━━━ SOURCE MATERIAL

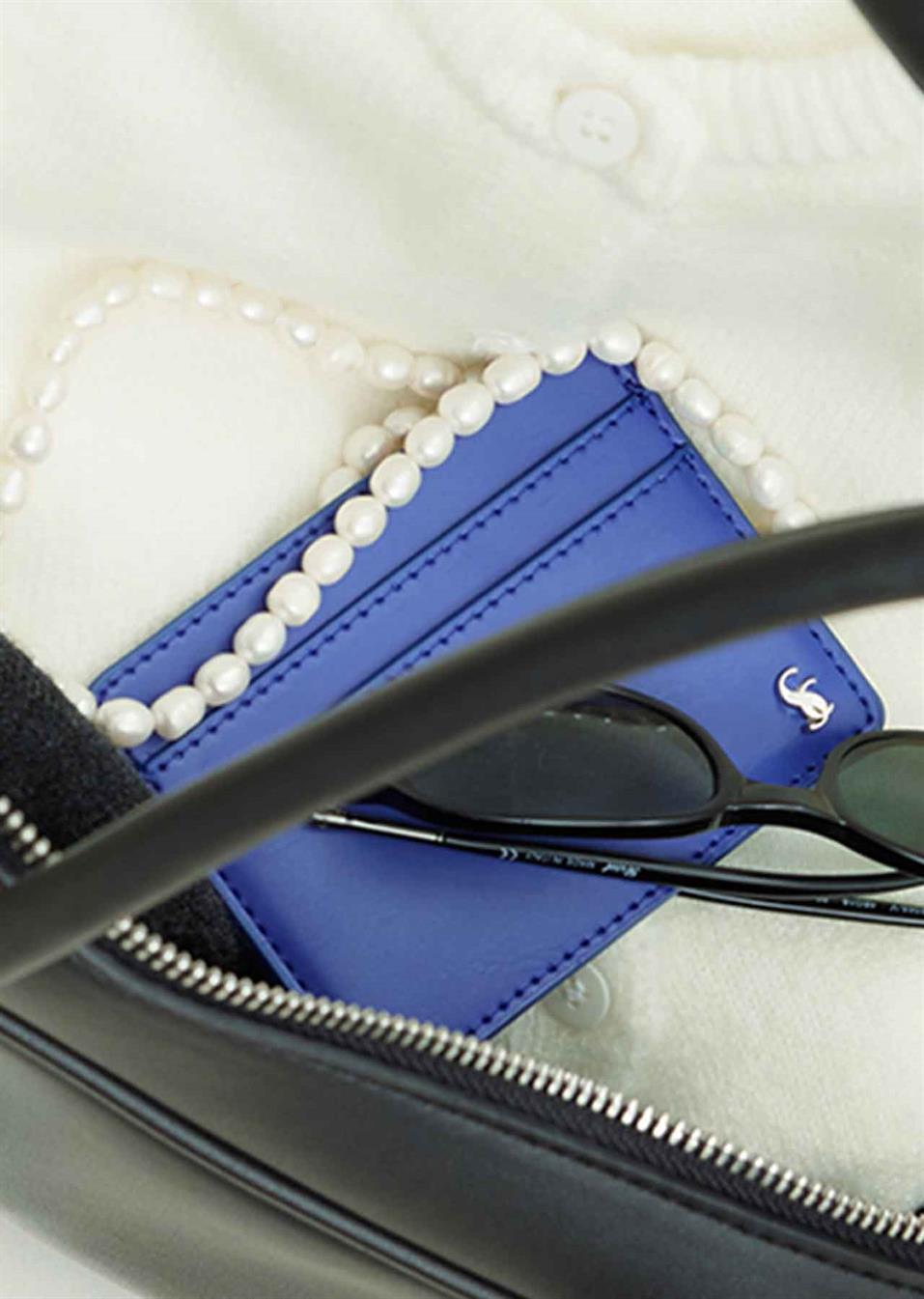 Personalized Cheri Card Holder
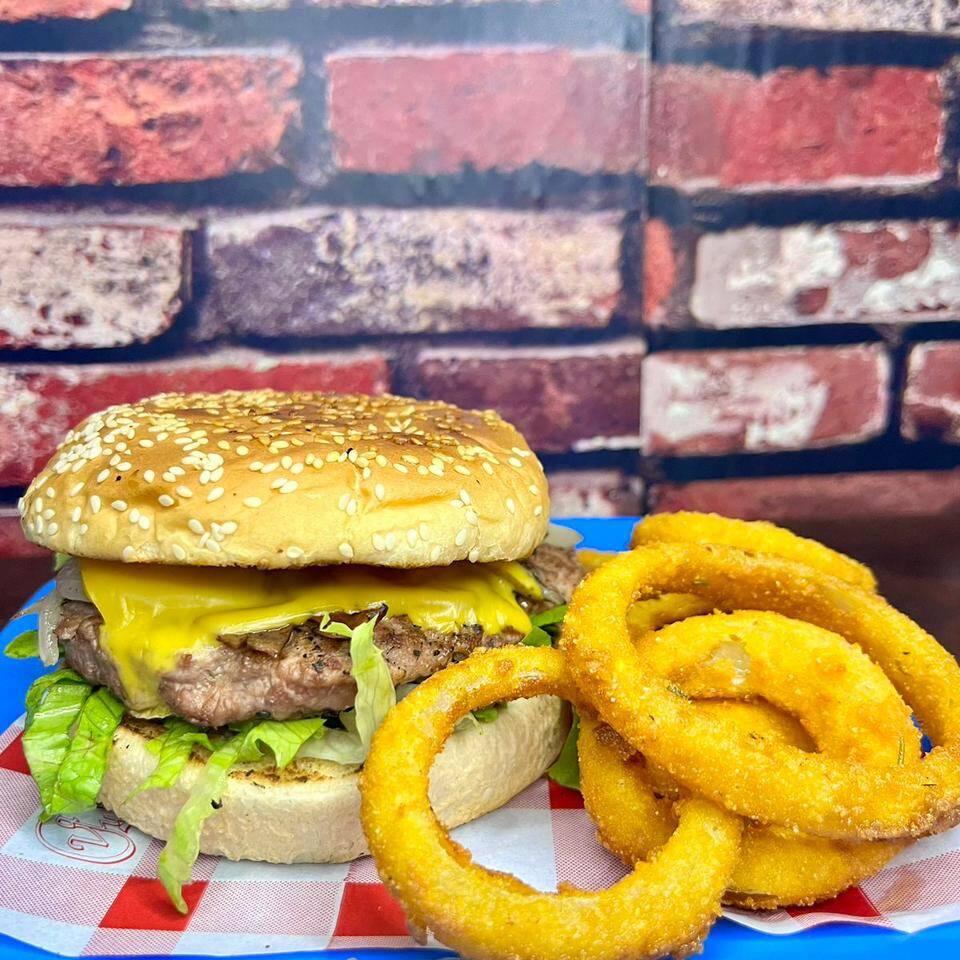 Hamburguesa Sencilla con Aros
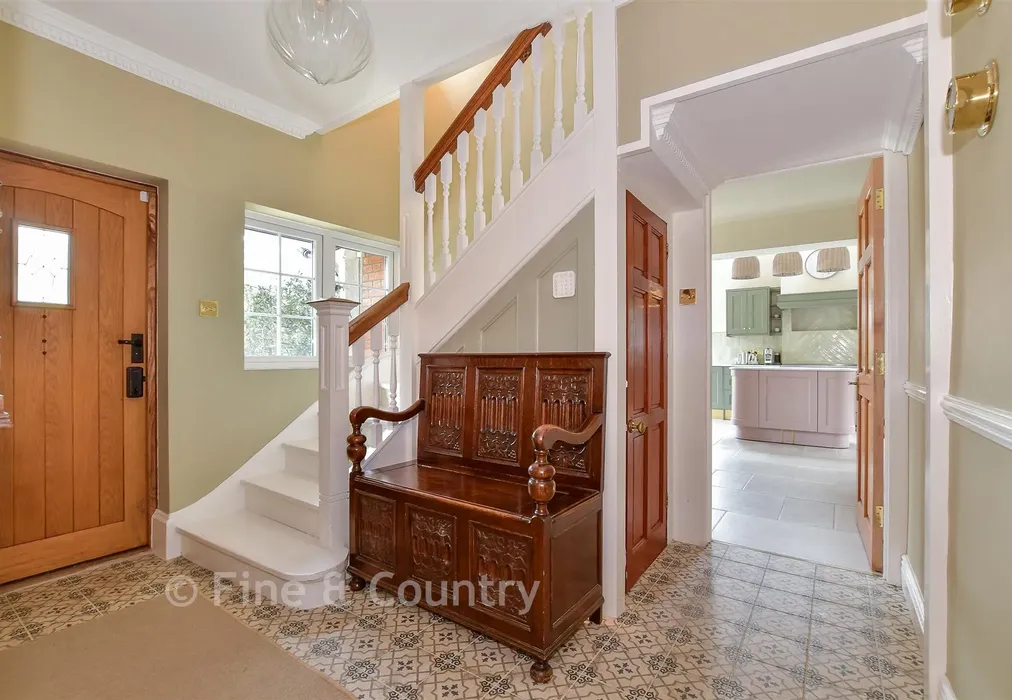 Hallway - Oxenden Square, Herne Bay, Kent - Wards of Kent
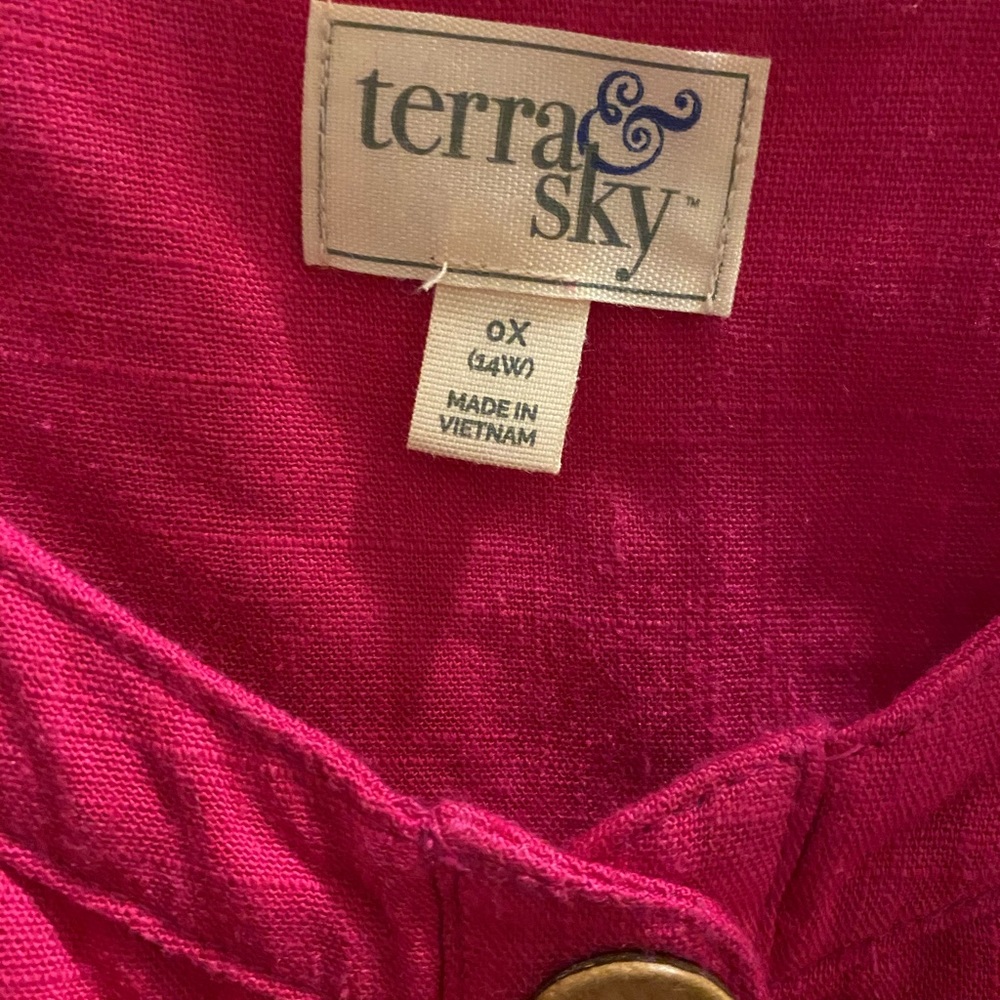 Tara & Sky Button Front Tank - Picture 4 of 4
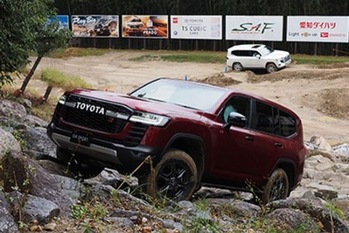 圧倒的な走破性を体感。新型ランドクルーザー300は、悪路でも快適さを忘れない超絶4WD！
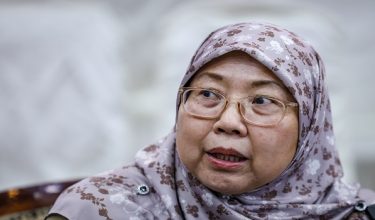 JOHOR BAHRU, 18 Mei -- Timbalan Menteri Perdagangan Dalam Negeri dan Kos Sara Hidup, Datuk Dr Fuziah Salleh bercakap kepada pemberita pada Program Advokasi Dasar Pengguna 2.0 dan Bual Bicara Pengguna di sini hari ini.

--fotoBERNAMA (2026) HAK CIPTA TERPELIHARA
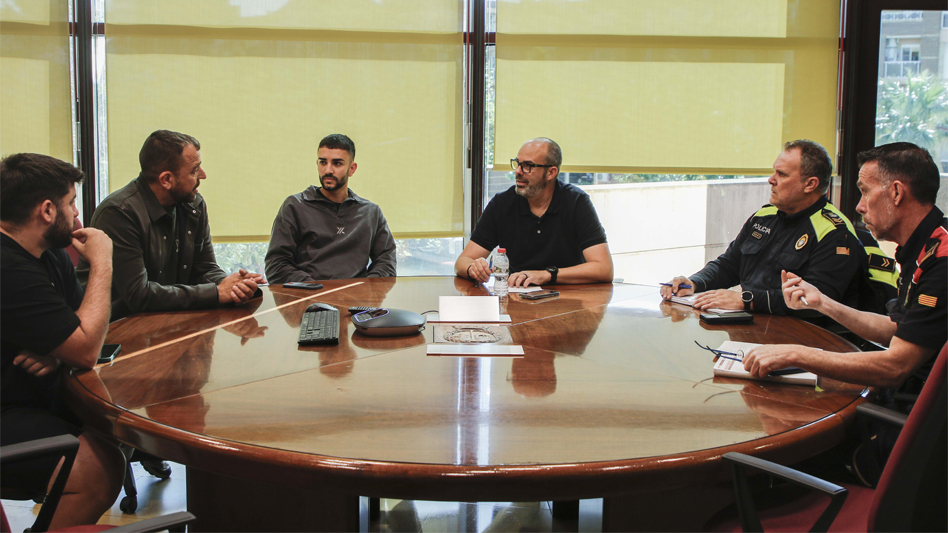 Reunió de seguretat i coordinació entre l’Ajuntament de Roquetes, Mossos i Karibú Club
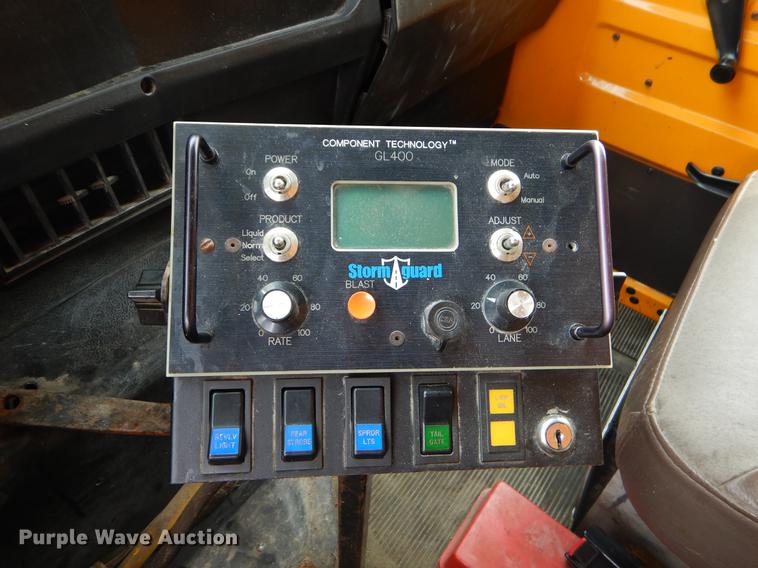 image for item EK9516 2001 International 4900 dump truck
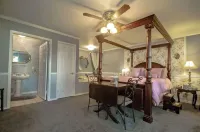 The Dickey House, Queen Anne Suite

━━━━━━

**EXERCISE**
For this exercise, reproduce the data above exactly from the line containing "image for item" through its final line, both ends included, with no pictures in the copy.

**ANSWER**
 image for item EK9516 2001 International 4900 dump truck
 The Dickey House, Queen Anne Suite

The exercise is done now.